Geneva: The world's first malaria vaccine has been launched in Malawi after concerted efforts of over 30 years to protect children from the deadly disease that claims over 435,000 lives globally every year.
The World Health Organization (WHO) welcomed the Government of Malawi's landmark pilot programme.
The launch of the first and only malaria vaccine, known as RTS,S, makes Malawi the first of three countries in Africa where it will be made available to children up to 2 years of age.
Ghana and Kenya will introduce the vaccine in the coming weeks, WHO said in a statement.
Malaria remains one of the world's leading killers, claiming the life of one child every two minutes. Most of these deaths are in Africa, where more than 250,000 children die from the disease every year.
WHO estimates that India accounts for 89 per cent malaria cases in South-East Asia. According to National Vector Borne Disease Control Programme (NVBDCP), 1,090,724 cases and 331 deaths due to malaria were reported during 2016 in the country.
Children under five are at greatest risk of its life-threatening complications. Worldwide, malaria kills 435,000 people a year, most of them children.
"We have seen tremendous gains from bed nets and other measures to control malaria in the last 15 years, but progress has stalled and even reversed in some areas," said Tedros Adhanom Ghebreyesus, WHO Director-General.
"We need new solutions to get the malaria response back on track, and this vaccine gives us a promising tool to get there. The malaria vaccine has the potential to save tens of thousands of children's lives," Ghebreyesus said in a statement.
Thirty years in the making, RTS,S is the first, and to date the only, vaccine that has demonstrated it can significantly reduce malaria in children.
In clinical trials, the vaccine was found to prevent approximately four in 10 malaria cases, including three in 10 cases of life-threatening severe malaria.
"Malaria is a constant threat in the African communities where this vaccine will be given. The poorest children suffer the most and are at highest risk of death," said Matshidiso Moeti, WHO Regional Director for Africa.
"We know the power of vaccines to prevent killer diseases and reach children, including those who may not have immediate access to the doctors, nurses and health facilities they need to save them when severe illness comes," Moeti said.
"This is a day to celebrate as we begin to learn more about what this tool can do to change the trajectory of malaria through childhood vaccination," she added.
The pilot programme is designed to generate evidence and experience to inform WHO policy recommendations on the broader use of the RTS,S malaria vaccine.

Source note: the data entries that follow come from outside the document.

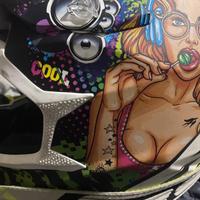 Casco airoh lollipop cross Taglia S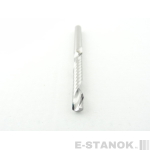 Однозаходная фреза DJTOL N: диам. 6 мм, реж. длина 42 мм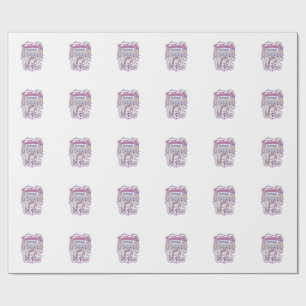 Unicorn Emotionally Attached to Unicorns Original Wrapping Paper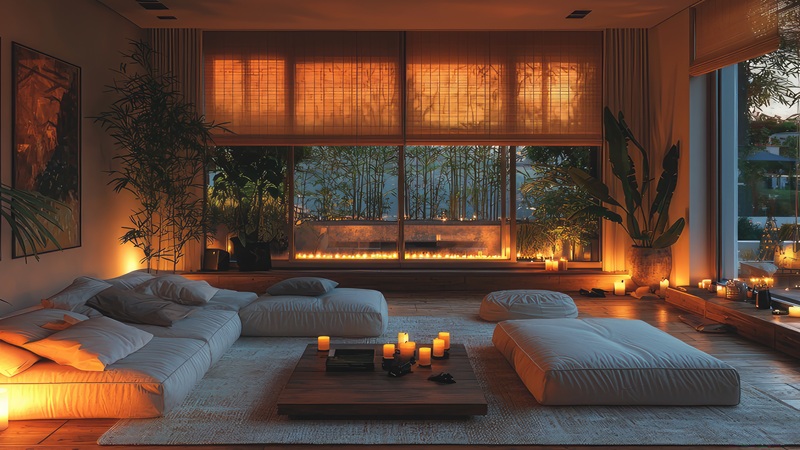 Living Room Design Ideas for a Calm and Happy Home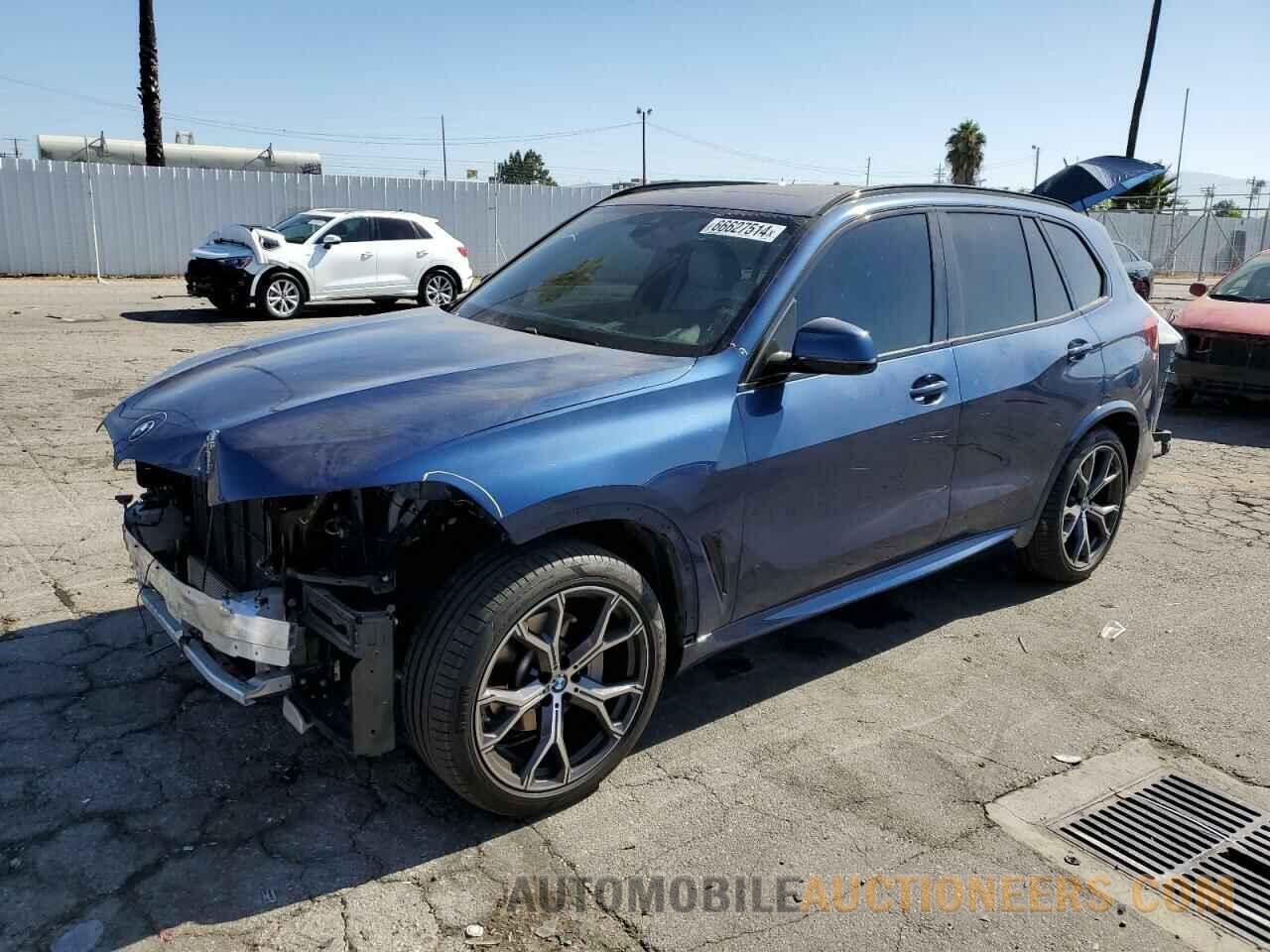 5UXCR4C04LLE30320 BMW X5 2020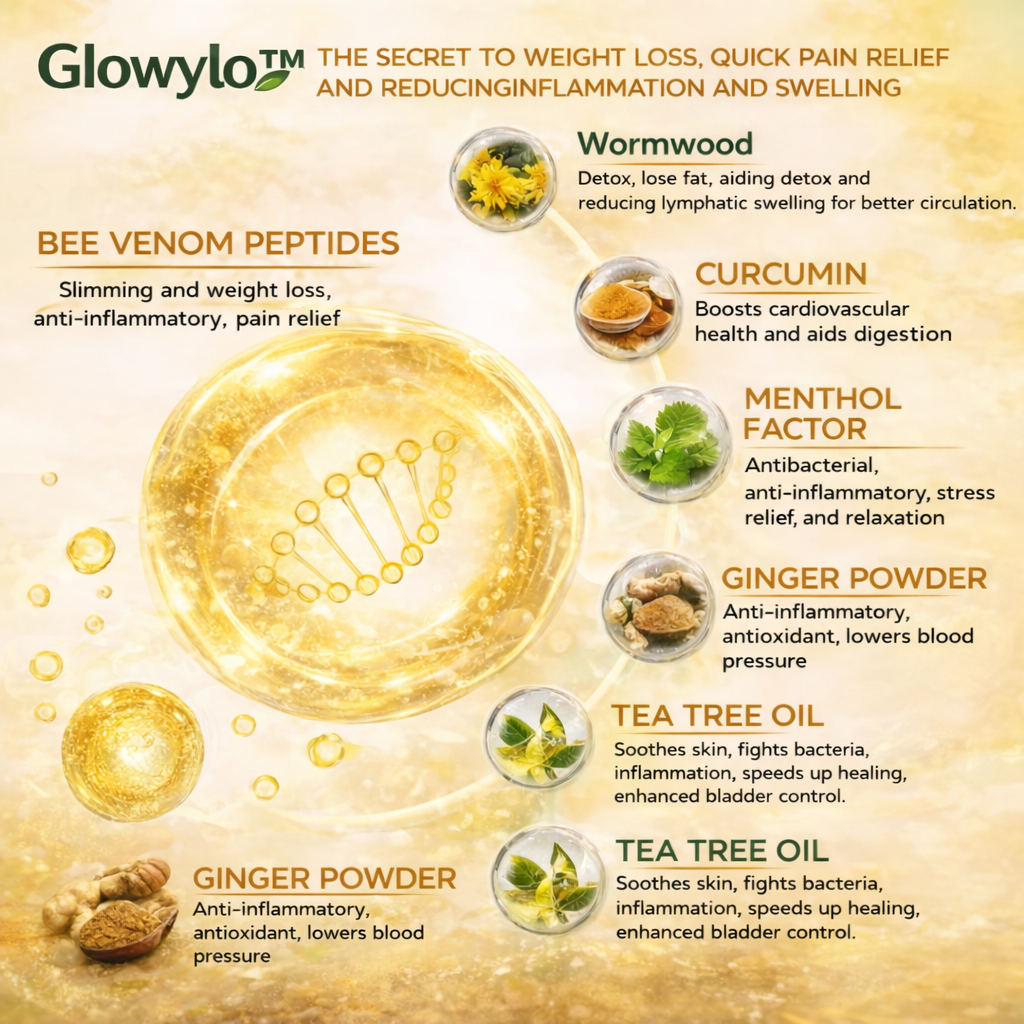 🌿Glowylo™ Bee Venom  Foot Patches (Set of 10)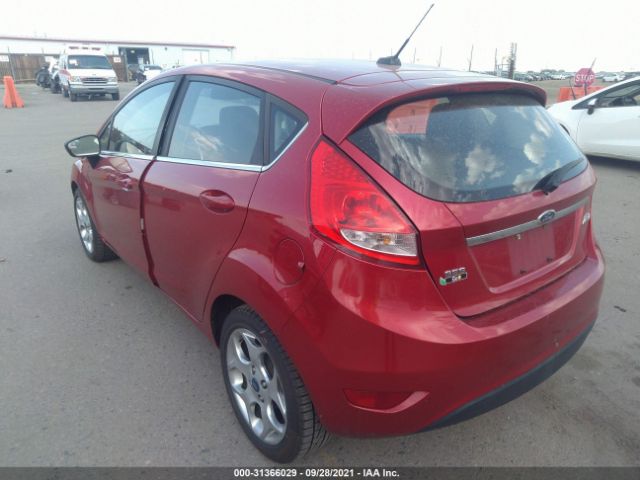 Photo 2 VIN: 3FADP4FJ2BM142828 - FORD FIESTA 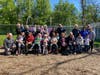 Prekindergarten Class with their Grandparents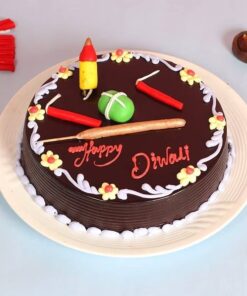 Fondant Crackers with Choco Cake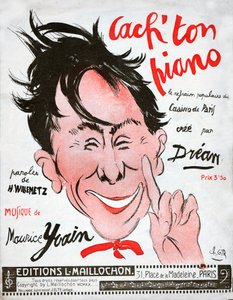 Aleksandra Dreana. (grafika ok. 1930) autorstwa Charles Felix Gir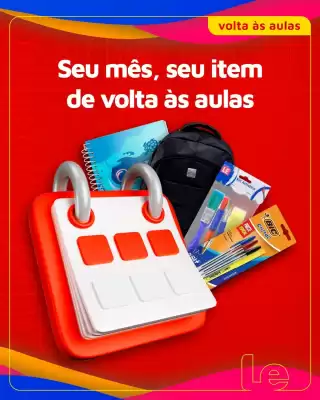 Encarte Le Biscuit (válido até 31-01)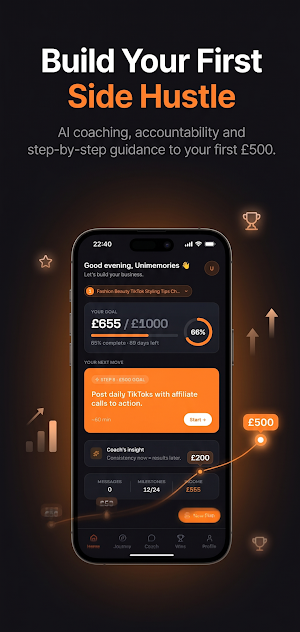 Side Hustle AI: Business Coach Screenshot 0
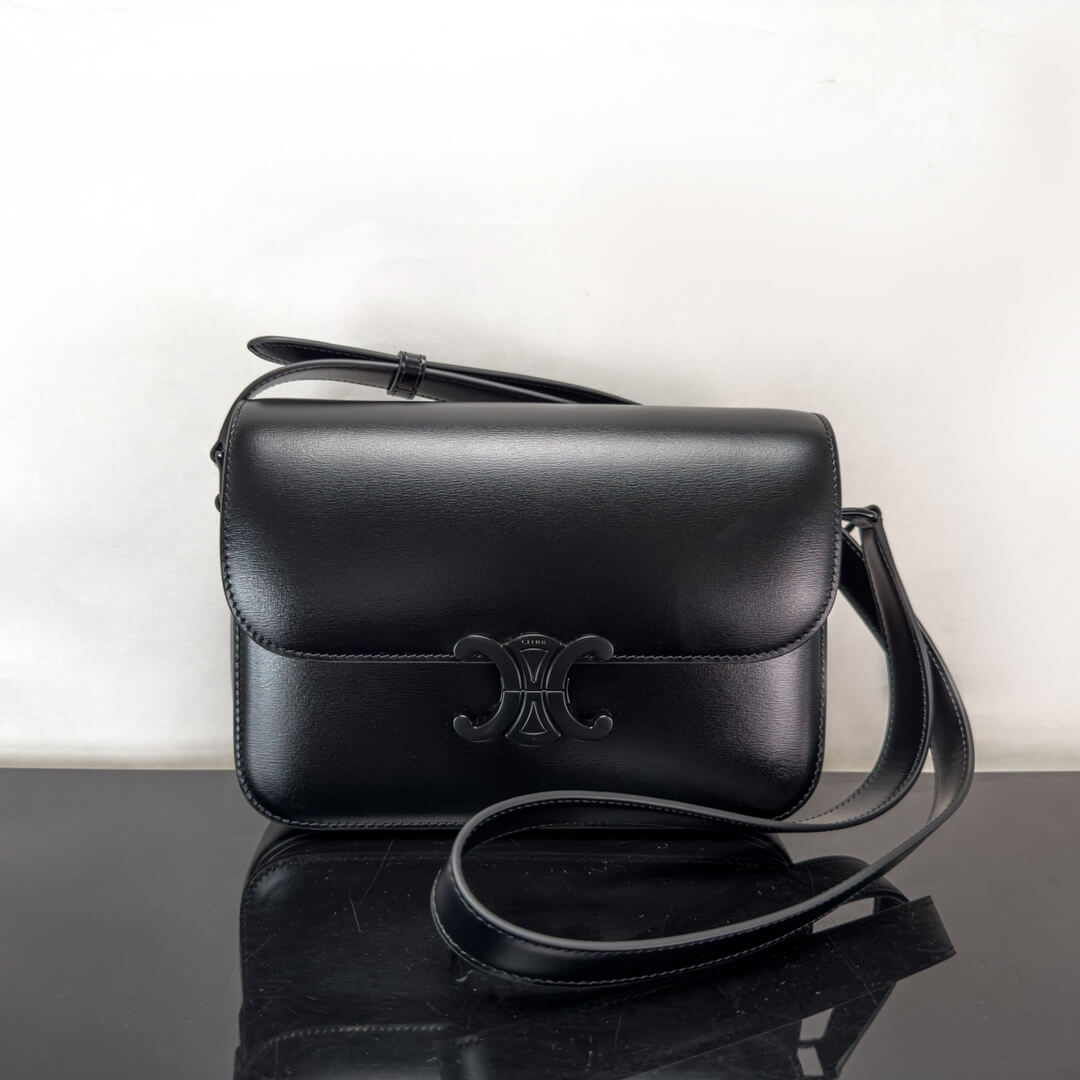 Ce1i*e TEEN TRIOMPHE handbag(HIGH-END GRADE)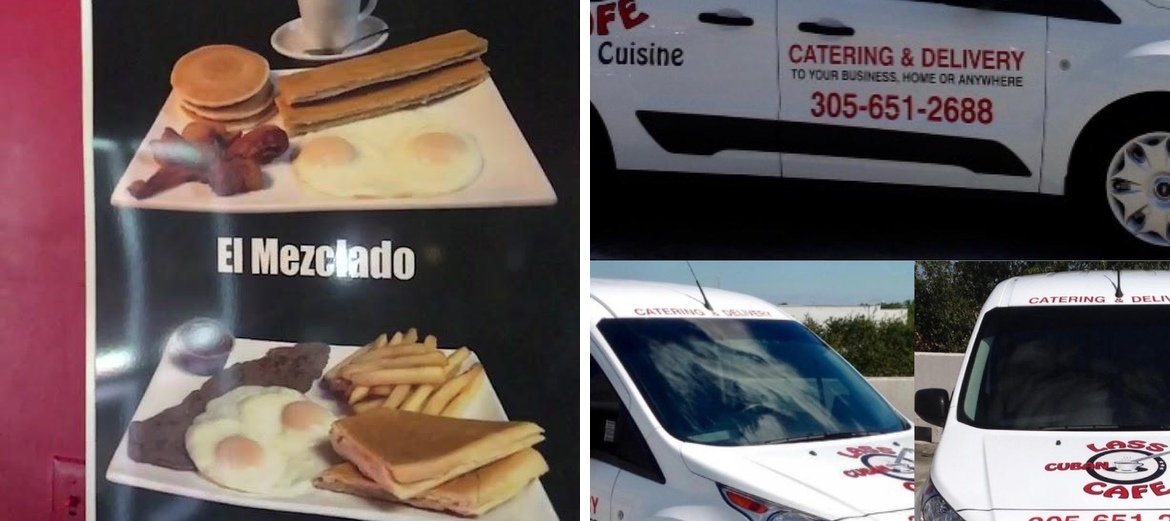 Lass Cuban Cafe Menu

It will look at reductions in child deaths; vaccine uptake, including whether parents bring their children on time for the four required doses; and vaccine safety in the context of routine use.
The vaccine is a complementary malaria control tool — to be added to the core package of WHO-recommended measures for malaria prevention, including the routine use of insecticide-treated bed nets, indoor spraying with insecticides, and the timely use of malaria testing and treatment.
The WHO-coordinated pilot programme is a collaborative effort with ministries of health in Ghana, Kenya and Malawi and a range of in-country and international partners, including PATH, a non-profit organization, and GSK, the vaccine developer and manufacturer, which is donating up to 10 million vaccine doses for this pilot.
"We look forward to the start of vaccination in Ghana, and then Kenya later this year. A vaccine for malaria is among many innovations needed to bring an end to this disease, and we proudly stand with all countries and our many partners in progressing towards a malaria-free world," said Steve Davis, President and CEO of PATH.
The malaria vaccine pilot aims to reach about 360,000 children per year across the three countries. Ministries of health will determine where the vaccine will be given.
They will focus on areas with moderate-to-high malaria transmission, where the vaccine can have the greatest impact.
In selected areas in the three countries, the vaccine will be given in 4 doses: three doses between 5 and 9 months of age and the fourth dose provided around the second birthday.